The focus on minority rights 'should not result in overlooking the rights of the majority' when it comes to freedom of speech, the High Court said today.
Two judges were rejecting appeals by five Muslim men who staged a protest as British soldiers who had recently returned from Afghanistan paraded through Luton.
They ruled that the protests, which included accusing the troops of being 'rapists, murderers and baby killers', went well beyond 'legitimate expressions of protest'
The five men demonstrated against the Iraq and Afghanistan wars as the Second Battalion the Royal Anglian Regiment, known as the Poachers, made its way through the city on March 10 2009.
They were all convicted of public order offences by Luton Magistrates' Court.Jalal Ahmed, 22, Munim Abdul, 29, Yousaf Bashir, 30, Shajjadar Choudhury, 32, and Ziaur Rahman, 33, all from Luton, were found guilty of using threatening, abusive or insulting words likely to cause harassment, alarm or distress.

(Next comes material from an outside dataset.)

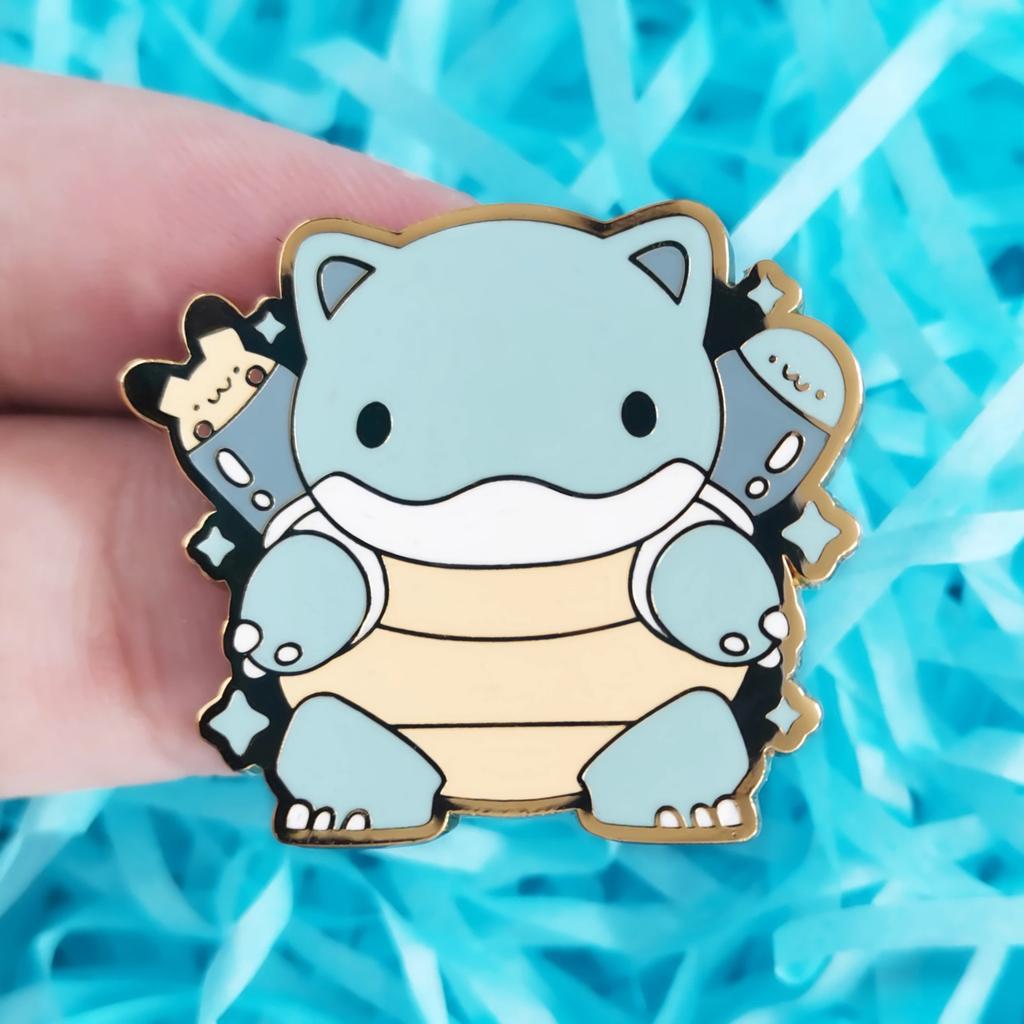 Strong Tortoise Elf Enamel Pin Kawaii Cute Cuckold Marine Animal Golden Medal Brooch Video Game Fans Badge Gifts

The men had appealed to the High Court in London, arguing that they had been legitimately exercising their Article 10 rights to freedom of expression and to protest under the European Convention on Human Rights.
Rejecting their appeal, Lord Justice Gross said today: 'There was all the difference in the world between expressing the view that the wars in Iraq and Afghanistan were illegal or immoral and that British forces should not be engaged in them and the abusive and insulting chants of the appellants.'
In a ruling which will provide guidance for future similar cases, the judge said: 'To attend a parade of this nature and to shout that this country's soldiers were 'murderers', 'baby killers', 'rapists all of you' who would or should 'burn in hell' gave rise to a very clear threat to public order.'
The judge said it was the good fortune of the five, 'most probably attributable to skilful policing', that there was no serious outbreak of violence.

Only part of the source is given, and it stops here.